FWIW, I can totally relate. At this age, Alex was on baby rice because he never ever stopped rooting and screaming for food, his weight gain was good, etc.- health visitor suggested solids, I was too clueless to know otherwise. It did settle his reflux down, though, which was probably the main cause. What I should have done, and I'm kind of recommending you try, is cluster feeding- feed him on one boob for 3 hours at a time, taking it to 6 hours if needed. I'm right in thinking that you've had a lot of milk, aren't I?

Dea, a little more light reading at www.babymilkaction.org I run the local group round here, and it's a subject very dear to my heart. I can waffle on at length, so don't get me started.
post #266 of 379
Holy Moly Mindi!! It's so good to see you!!! I've been wondering about you and your sweet boy! Good to see you around!

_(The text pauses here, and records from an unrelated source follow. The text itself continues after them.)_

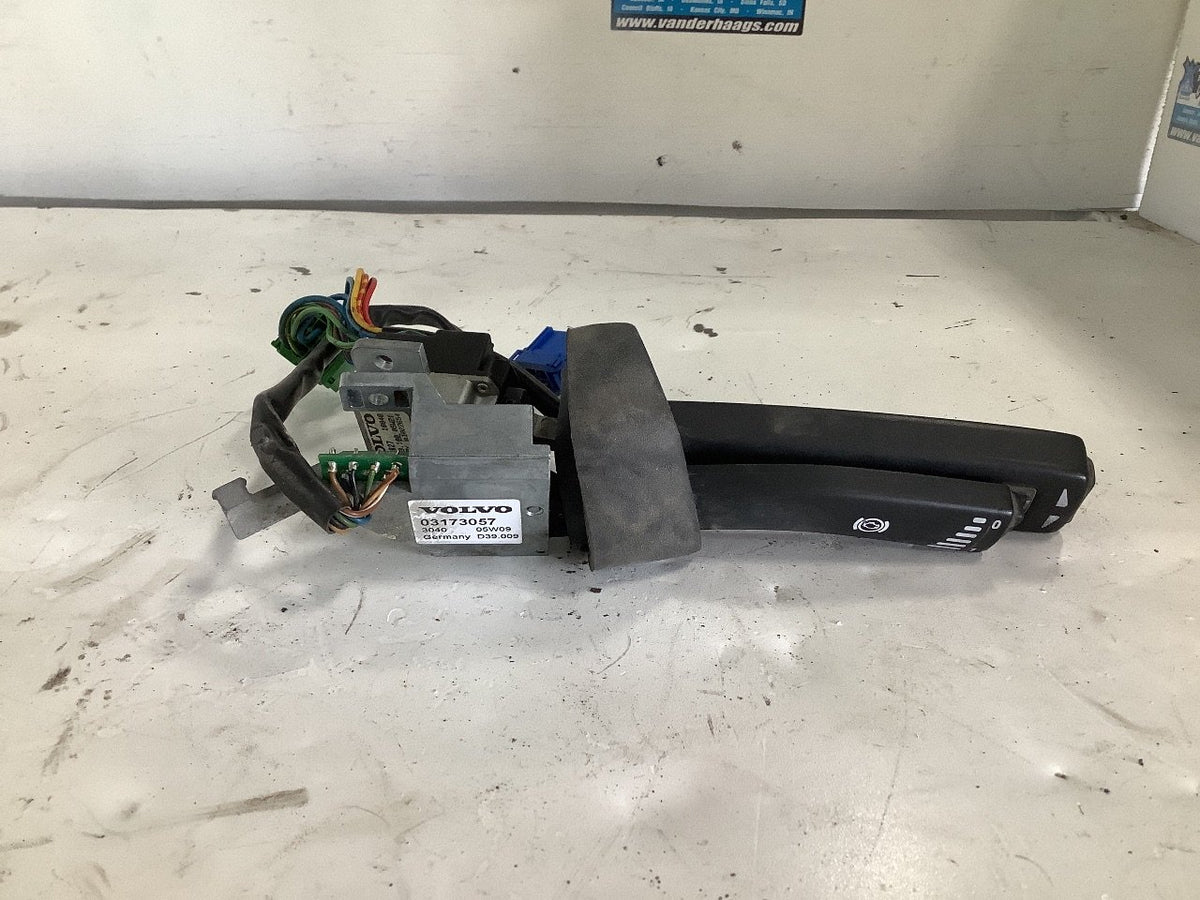Volvo 20700927 turn signal / column switch from 2006 Volvo VNL, used - view 3 of 3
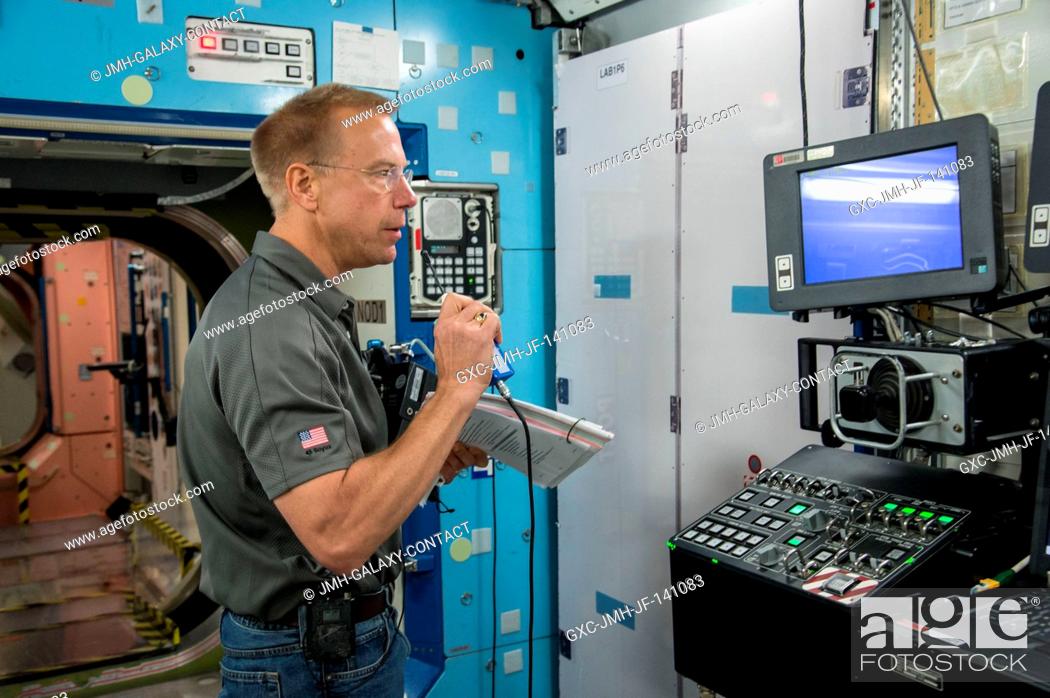 Imagen: NASA astronaut Tim Kopra, Expedition 46 flight engineer and Expedition 47 commander, participates an emergency scenario training session in an International.
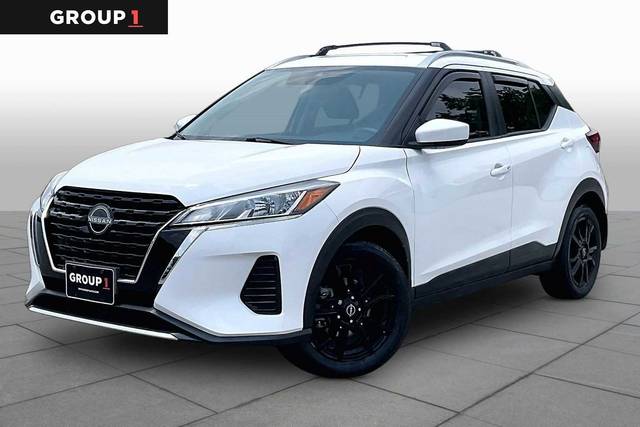 2023 Nissan Kicks SV FWD photo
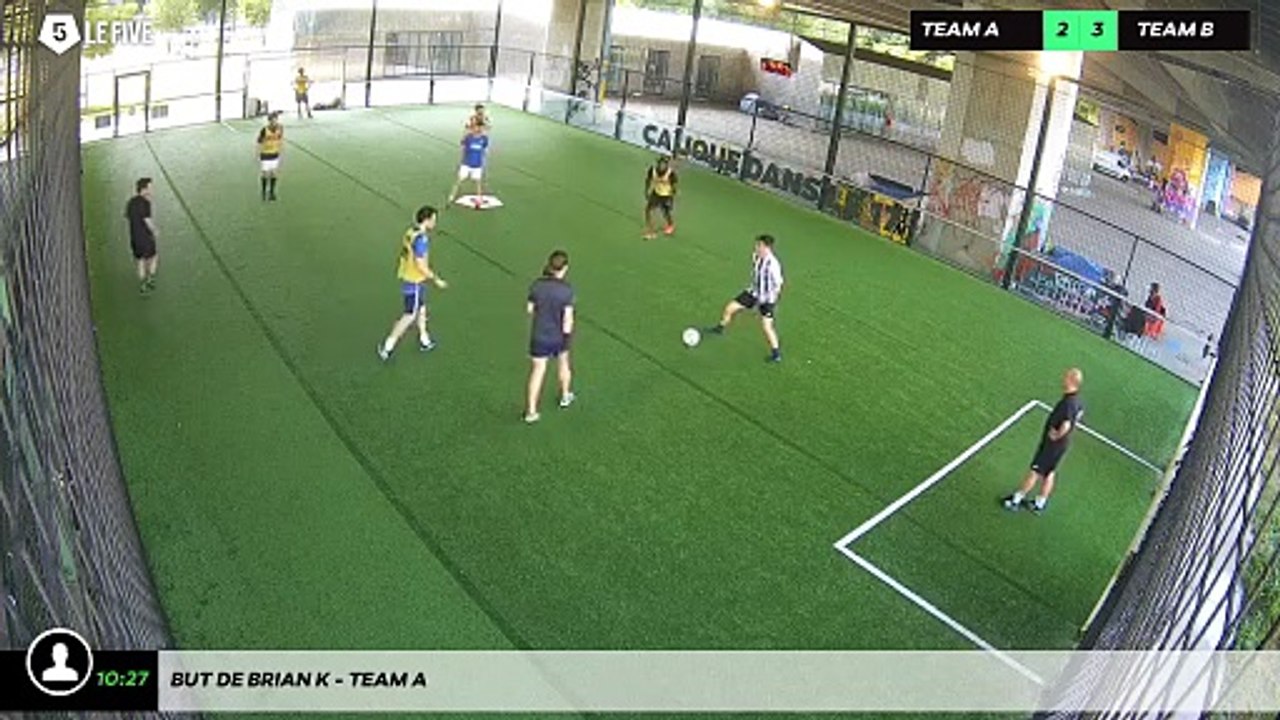 But de Brian K - Team A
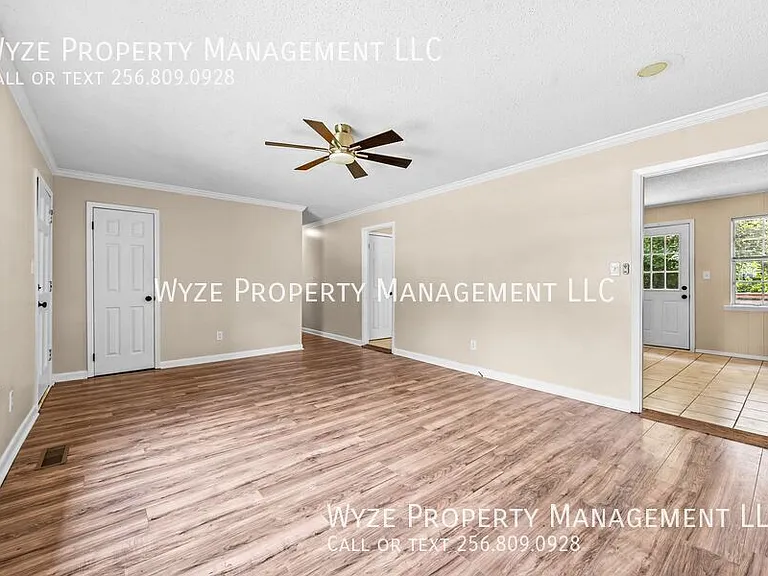 2213 Cecille Dr SW — Photo 17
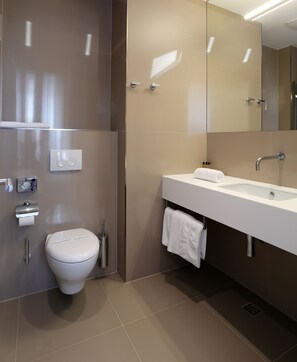 Deluxe Double Room, City View | Bilik Mandi | Pancuran mandi, kelengkapan dandanan diri percuma, pengering rambut 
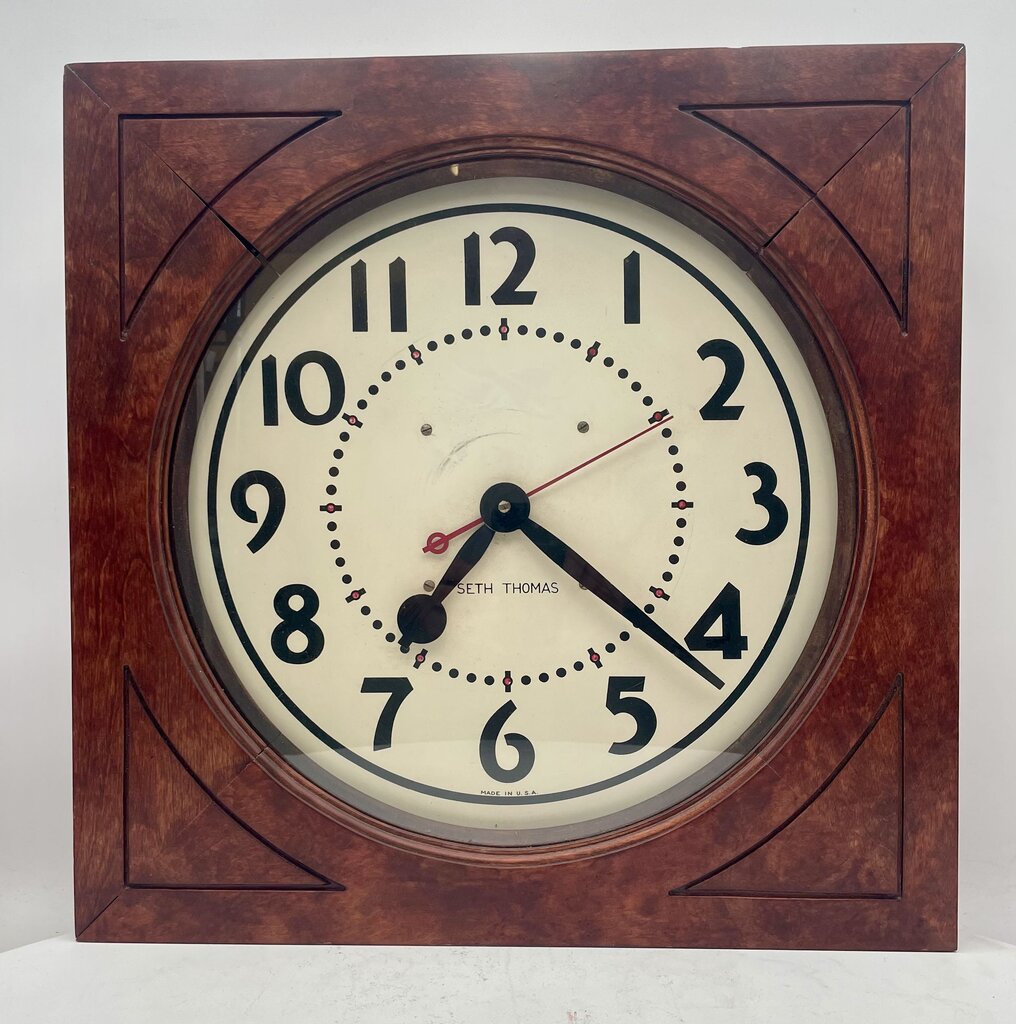 Seth Thomas Oak Case Electric Wall Clock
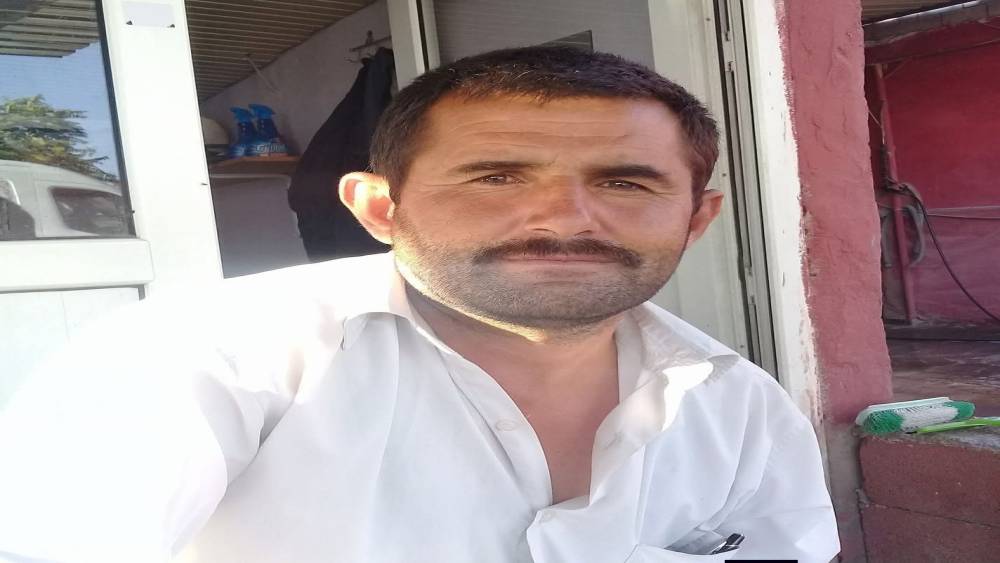 Aksaray&rsquo;da u&ccedil;an &ccedil;atının altında kalan şahıs hayatını kaybetti
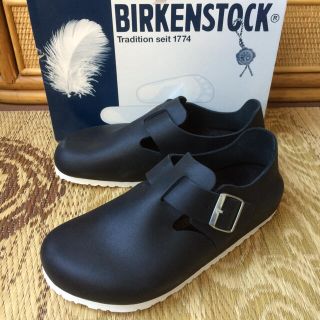 ビルケンシュトック(BIRKENSTOCK)のビルケンシュトック ロンドン 26.5センチ 未使用品 黒 白ソール サンダル(ドレス/ビジネス)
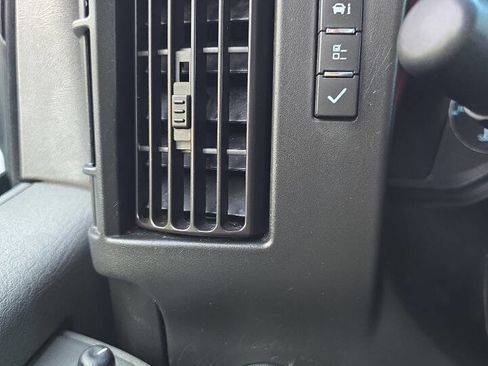 Used 2020 Chevrolet Express 2500 2500 3dr Cargo Van image 28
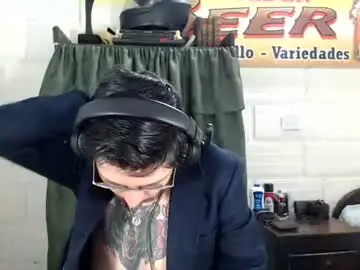 Chaturbate Adult Webcams of miguel__98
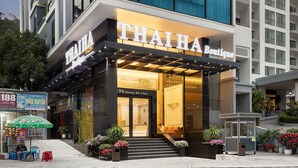 A modern building with a Thai boutique hotel entrance, featuring a glass facade and a well-lit entrance. - Thai Ha Boutique Hotel (Bai Chay)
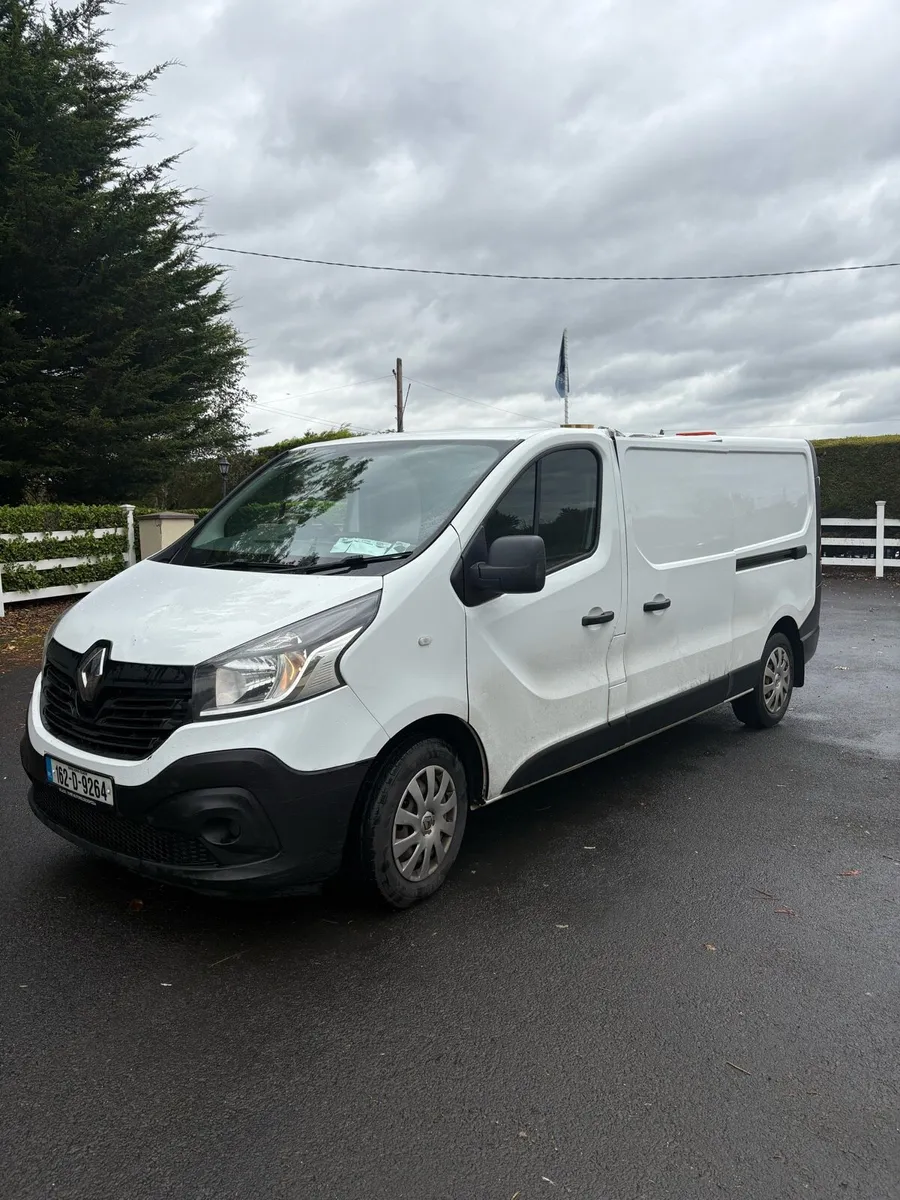 2016 Renault traffic SWB 1 owner from new - Image 2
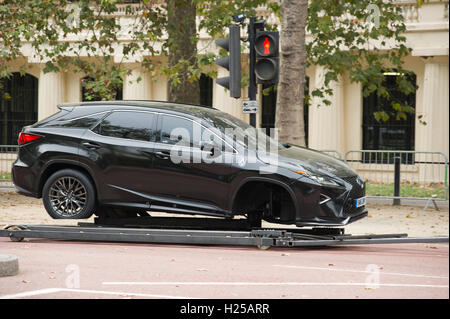 Londres, Angleterre, Royaume-Uni. 24 septembre 2016. Faire de l'équipe du film une scène du nouveau film Transformers 5 Allée sur Jubiliee à Londres à l'extérieur de Buckingham Palace. Un Lexus sur une plate-forme spéciale pour tourner la voiture pour filmer une scène de poursuite de voiture spectaculaire. Crédit : Andrew Steven Graham/Alamy Live News Banque D'Images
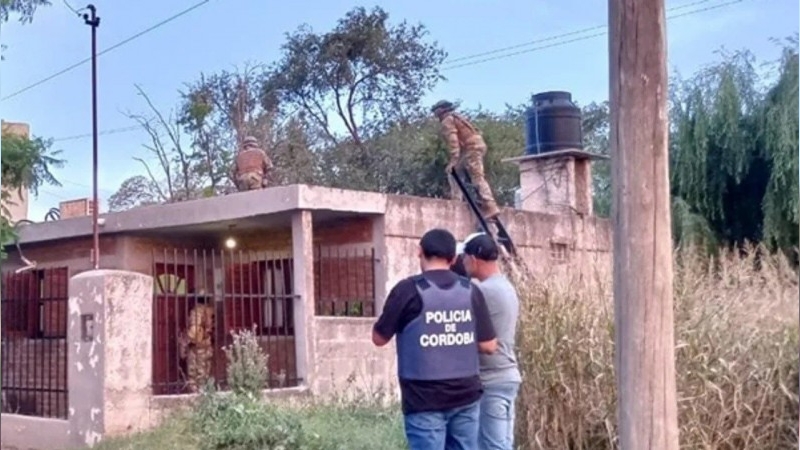 Baleó a su exyerno para defender a su hija y se atrincheró en su casa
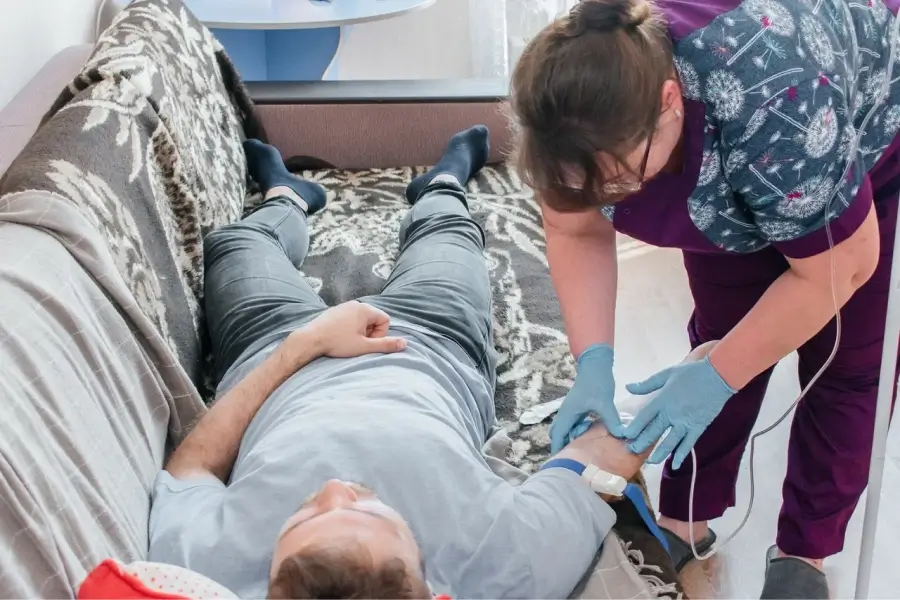 Срочный вывод из запоя в Лениногорске: быстро, недорого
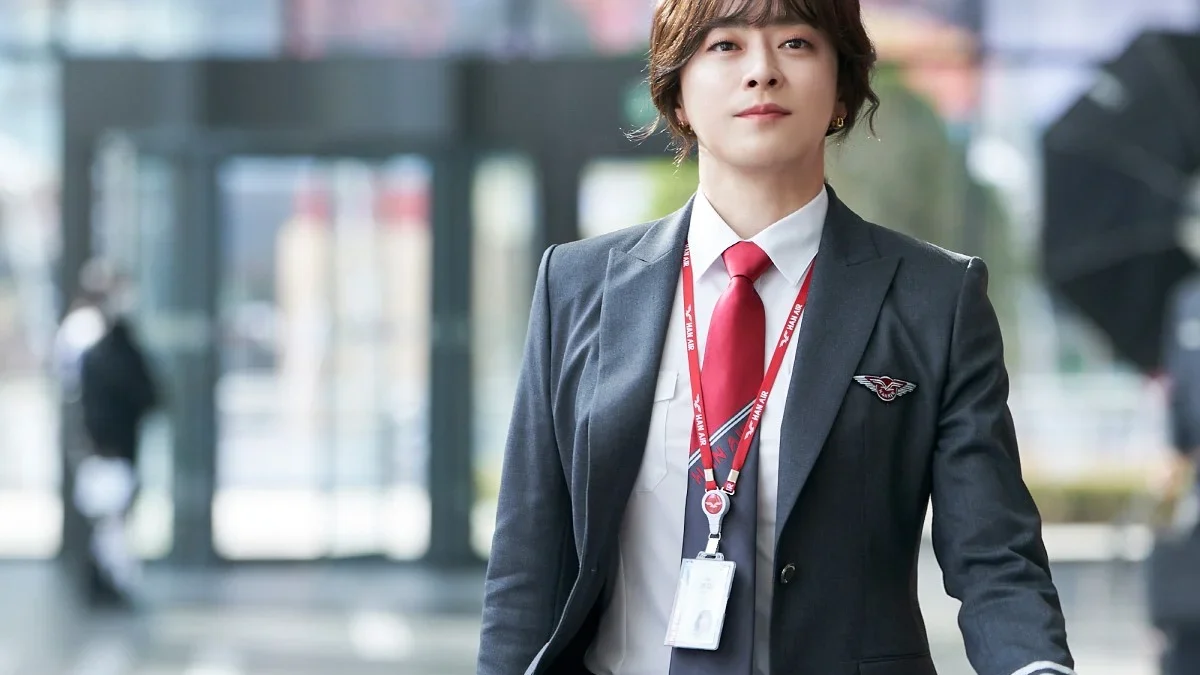 Film Pilot yang Dibintangi Oleh Jo Jung Suk Targetkan 1 Juta Penonton di Minggu Pertama Setelah Penayangan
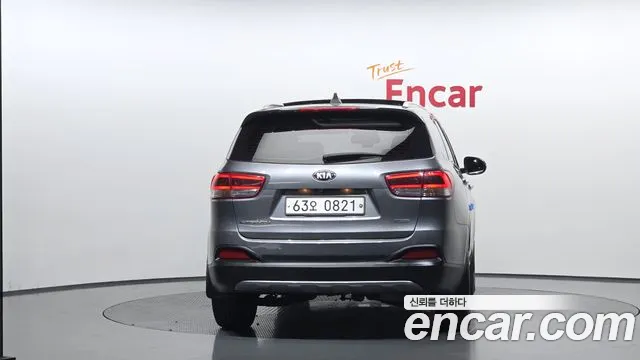 Kia Sorento 2016 — фото 4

Birthmommom, you can find a way, you really will! I sometimes let giving up on breastfeeding flit through my mind too. I'm sure many mommas think on it. Selesai is right about adding beans to your diet to increase your protein, they really are cheap, a little time intensive, but not if you get a system of cooking them down. I reckon she's right about nursing to up the supply too. Sometimes 'Nara will only take a bottle too, usually right before she goes to bed, especially if we've had the routine interupted (and I suspect if I have had more than a cup of coffee). I need to eliminate dairy and caffeine I think, I've halfway tried it before, but I think that might be the source of some of Senara's irritability issues at night. We can work on it together! (Where's a holding hands smilie?) Is Henry teething? Oh you did talk about an amber necklace... 'Nara likes to chew the nipple of the bottle (seems to be the only acceptable chew for her), could that be something Henry likes?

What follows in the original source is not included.